WORK REQUEST
From the first line to the last, copy the data exactly and drop the pictures.

GIVEN INFORMATION

========================================

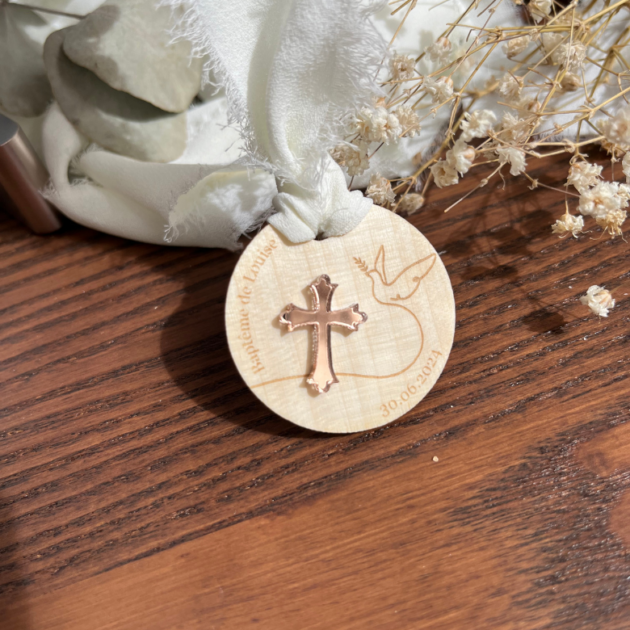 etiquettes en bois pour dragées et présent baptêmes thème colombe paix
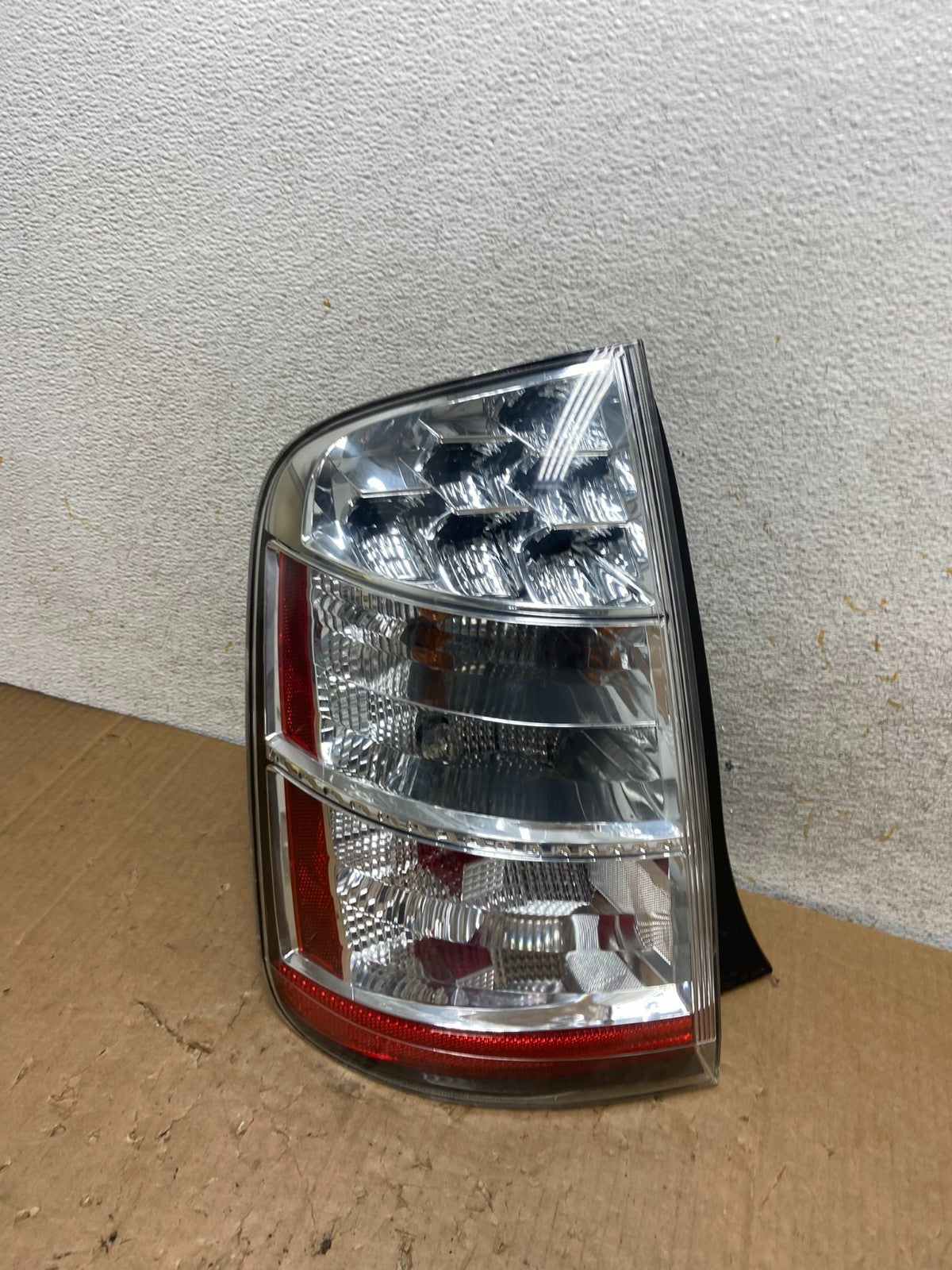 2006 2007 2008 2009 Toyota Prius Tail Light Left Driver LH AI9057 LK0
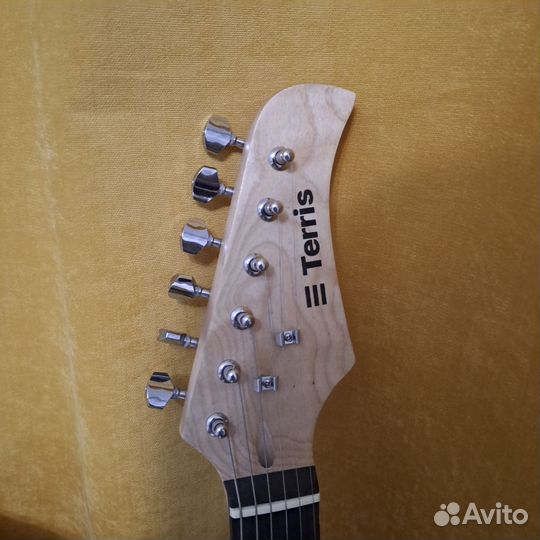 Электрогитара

========================================

RESPONSE
 etiquettes en bois pour dragées et présent baptêmes thème colombe paix
 2006 2007 2008 2009 Toyota Prius Tail Light Left Driver LH AI9057 LK0
 Электрогитара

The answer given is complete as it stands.